The clinical manifestations of AD vary with age, with infants showing AD on the extensor surfaces of extremities, face, neck, scalp, and trunk. Children are typically affected on the flexural surfaces of extremities, neck, wrists, and ankles, while adolescents and adults are generally affected on the flexural surfaces of extremities and the hands and feet. Patients often experience worsening itching symptoms throughout the night, and this may result in sleep loss, which can result in detrimental effects pertaining to school or work. Individuals with AD may also suffer from the social stigma of having a highly visible condition. Overall, these patient experiences describe a physically and mentally exhausting condition that can result in anxiety, depression, and decrease in quality of life.

Itching is the major symptom associated with impact on quality of life. For example, a US-based survey found 91% (n=304) of patients with eczema experienced itching on a daily basis, and 36% of patients identified decreasing the amount of itch to be their primary treatment goal. Furthermore, itch has been associated with mental distress and increased risk for suicidal ideation in those with AD. Of note, emotional stress has also been shown to increase itching, implying a bidirectional relationship.

Sleep disturbance is a frequent consequence of itching and is experienced by approximately two-thirds of patients with AD. Patients with sleep disturbance report difficulty initiating and maintaining sleep, which leads to daytime fatigue. Children with AD who experience sleep disturbances are associated with higher rates of developing attention-deficit/hyperactivity disorder, headaches, and short stature. Sleep disturbances experienced by adults with AD are associated with poor overall health perception.
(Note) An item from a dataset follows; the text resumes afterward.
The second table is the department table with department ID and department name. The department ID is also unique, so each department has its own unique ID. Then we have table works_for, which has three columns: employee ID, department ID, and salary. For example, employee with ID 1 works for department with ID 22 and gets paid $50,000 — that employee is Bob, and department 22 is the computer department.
Complications of atopic dermatitis (eczema) may include:

    • Asthma and hay fever. Eczema sometimes precedes these conditions. More than half of young children with atopic dermatitis develop asthma and hay fever by age 13.
    • Chronic itchy, scaly skin. A skin condition called neurodermatitis (lichen simplex chronicus) starts with a patch of itchy skin. When one scratches the area, it becomes even itchier. Eventually, one may scratch simply out of habit. This condition can cause the affected skin to become discolored, thick, and leathery.
    • Skin infections. Repeated scratching that breaks the skin can cause open sores and cracks. These increase the risk of infection from bacteria and viruses, including the herpes simplex virus, as well as fungal infections.
    • Irritant hand dermatitis. This especially affects people whose work requires that their hands are often wet and exposed to harsh soaps, detergents, and disinfectants.
    • Allergic contact dermatitis. This condition is common in people with atopic dermatitis.
    • Sleep problems. The itch-scratch cycle can cause poor sleep quality.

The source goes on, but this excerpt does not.